Stage the removal of synced keys. If CSI sync depends on secretObjects, remove entries in small batches and confirm the Secret matches expectations after each batch. Or delete the Secret yourself and let CSI recreate it from the remaining entries.
Do not rely on library defaults to fill helm holes. My setup worked before because a Python config class had a default value that stood in for a missing helm value. A later release set that value in helm to something different, the silent default stopped helping, and the prestart hook broke. Set values in helm so the behaviour does not depend on a default three repos away.
Test the failing prestart path. If the migration Job can fail for auth, DB unavailability, or a bad migration, you are one transient failure away from a release stuck half-applied. Before relying on a pre-upgrade hook, work out what happens if it fails mid-upgrade.

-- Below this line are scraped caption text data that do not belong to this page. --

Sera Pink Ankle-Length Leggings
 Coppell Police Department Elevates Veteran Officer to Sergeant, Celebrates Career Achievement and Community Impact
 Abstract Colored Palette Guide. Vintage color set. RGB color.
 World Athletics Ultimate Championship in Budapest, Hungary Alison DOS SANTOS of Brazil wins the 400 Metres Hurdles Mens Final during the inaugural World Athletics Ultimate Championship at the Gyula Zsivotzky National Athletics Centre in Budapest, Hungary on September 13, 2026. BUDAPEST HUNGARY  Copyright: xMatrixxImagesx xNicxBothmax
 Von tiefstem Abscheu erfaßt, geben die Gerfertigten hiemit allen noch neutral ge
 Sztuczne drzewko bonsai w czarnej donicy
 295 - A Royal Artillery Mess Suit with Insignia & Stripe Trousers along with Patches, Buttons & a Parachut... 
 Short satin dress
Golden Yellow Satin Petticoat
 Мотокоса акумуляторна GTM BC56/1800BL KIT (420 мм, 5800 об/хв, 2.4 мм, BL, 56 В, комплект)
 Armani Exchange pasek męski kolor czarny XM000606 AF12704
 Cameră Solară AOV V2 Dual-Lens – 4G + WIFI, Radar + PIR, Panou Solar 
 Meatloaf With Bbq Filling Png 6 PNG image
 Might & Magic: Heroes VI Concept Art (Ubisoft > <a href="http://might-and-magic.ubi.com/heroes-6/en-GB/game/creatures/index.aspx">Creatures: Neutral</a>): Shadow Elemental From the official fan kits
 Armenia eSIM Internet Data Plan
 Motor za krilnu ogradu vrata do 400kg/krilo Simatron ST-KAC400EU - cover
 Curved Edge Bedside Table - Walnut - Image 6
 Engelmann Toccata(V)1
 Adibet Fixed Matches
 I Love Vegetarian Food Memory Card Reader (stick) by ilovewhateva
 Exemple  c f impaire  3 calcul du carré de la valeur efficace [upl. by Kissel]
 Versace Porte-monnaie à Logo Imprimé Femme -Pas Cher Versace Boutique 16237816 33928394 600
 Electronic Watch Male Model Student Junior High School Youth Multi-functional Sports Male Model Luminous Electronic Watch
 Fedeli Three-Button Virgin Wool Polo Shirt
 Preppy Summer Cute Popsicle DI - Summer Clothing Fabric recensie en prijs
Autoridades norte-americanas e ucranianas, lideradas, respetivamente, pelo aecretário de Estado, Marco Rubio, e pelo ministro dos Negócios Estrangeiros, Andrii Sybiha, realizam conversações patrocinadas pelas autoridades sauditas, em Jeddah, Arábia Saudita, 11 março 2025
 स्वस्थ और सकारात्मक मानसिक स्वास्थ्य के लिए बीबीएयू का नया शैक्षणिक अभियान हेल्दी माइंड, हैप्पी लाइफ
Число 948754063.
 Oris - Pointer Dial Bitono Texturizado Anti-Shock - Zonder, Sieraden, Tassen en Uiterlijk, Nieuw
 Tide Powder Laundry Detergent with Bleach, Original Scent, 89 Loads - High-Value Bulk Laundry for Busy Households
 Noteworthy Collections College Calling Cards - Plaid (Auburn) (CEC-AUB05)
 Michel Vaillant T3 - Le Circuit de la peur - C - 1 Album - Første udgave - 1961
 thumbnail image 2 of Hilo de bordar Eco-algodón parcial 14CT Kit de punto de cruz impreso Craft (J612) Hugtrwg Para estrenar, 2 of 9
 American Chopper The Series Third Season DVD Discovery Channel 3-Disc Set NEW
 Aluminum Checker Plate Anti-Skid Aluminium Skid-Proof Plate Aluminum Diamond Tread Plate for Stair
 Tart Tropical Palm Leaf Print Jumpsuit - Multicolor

Third-party libraries bring their own env readers. The app’s settings class uses a descriptor that reads from /mnt/secrets/<KEY> on attribute access. A vendored client library that builds its own BaseSettings and reads the same key from os.environ does not hook into that descriptor. When I removed the env var from helm, the library’s default empty string won and the outbound API call failed on first use. Before stripping an env var, grep the vendored code for any module that reads it. The app’s secret-loading path does not cover them.

Follow-up Link to heading

I hit the pattern in the last two rules a few hours after publishing this post. A separate cleanup removed an API key env var from the same service. The app’s own config reads that key from the CSI mount now. A vendored client library had its own pydantic.BaseSettings reading the key from the environment, and the app’s mount plumbing could not see it. Every request that hit that library started erroring with a ValueError about the missing API key. I restored the env injection as a hotfix, then published a library release that accepted the key as a constructor argument. The app now reads the key from the CSI mount and passes it into the client call.